[DATASET EXCERPT]

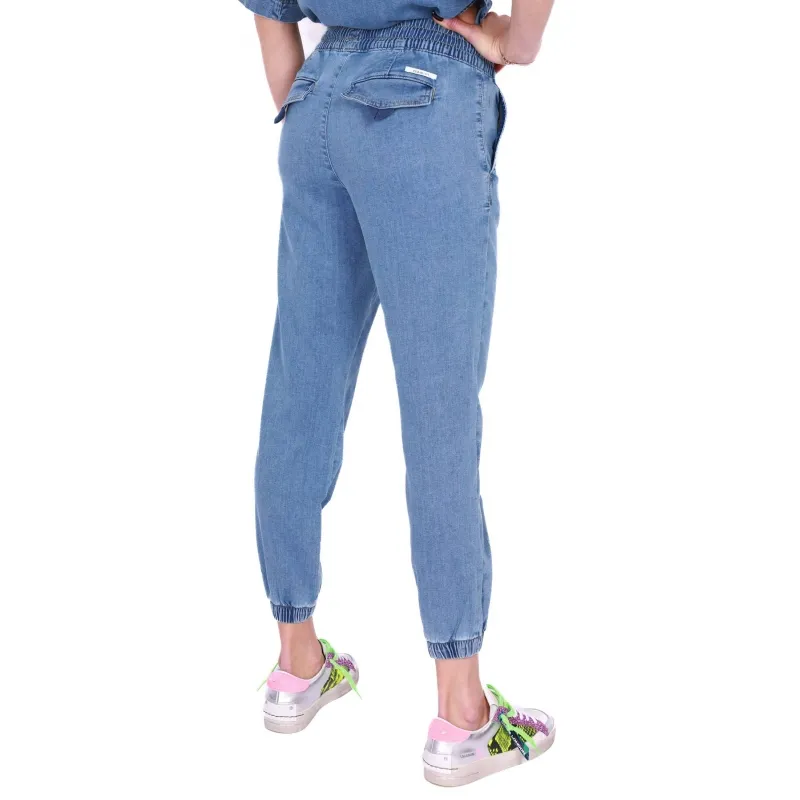 PANTALONE JOGGER IN DENIM, BLU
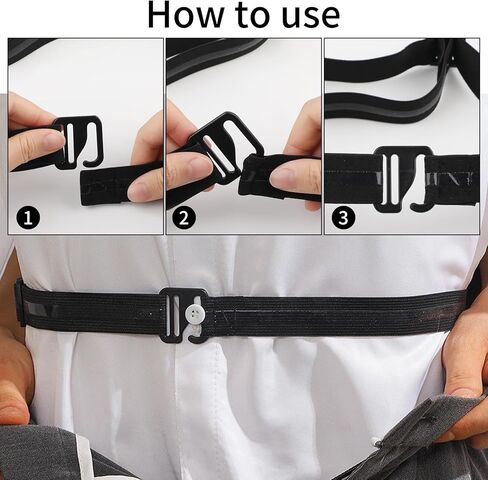 PineHaven 3 Pack Shirt Stay Belts for Men,Adjustable Non-Slip Elastic Shirt Holders Keep Shirts Tucked In Men Women Tuck-It Style Shirts Lock (Black) in Kuwait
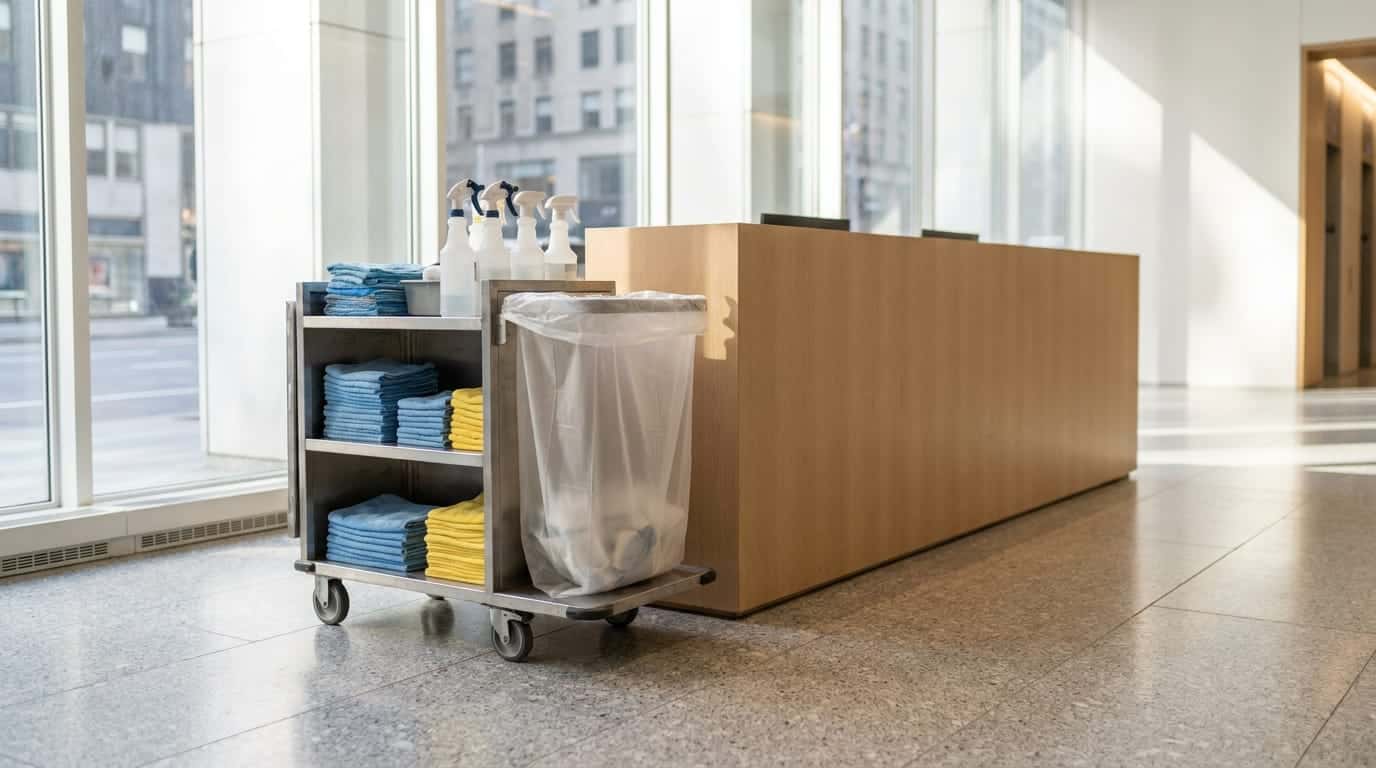 A stainless-steel janitorial cart with folded blue and yellow microfiber cloths, spray bottles and a lined bin, parked beside a wooden reception desk in a bright lobby with a speckled stone floor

[TRY IT] When you repeat the data, keep every line exact and drop the images.

[ANSWER TO THIS PROBLEM]
 PANTALONE JOGGER IN DENIM, BLU
 PineHaven 3 Pack Shirt Stay Belts for Men,Adjustable Non-Slip Elastic Shirt Holders Keep Shirts Tucked In Men Women Tuck-It Style Shirts Lock (Black) in Kuwait
 A stainless-steel janitorial cart with folded blue and yellow microfiber cloths, spray bottles and a lined bin, parked beside a wooden reception desk in a bright lobby with a speckled stone floor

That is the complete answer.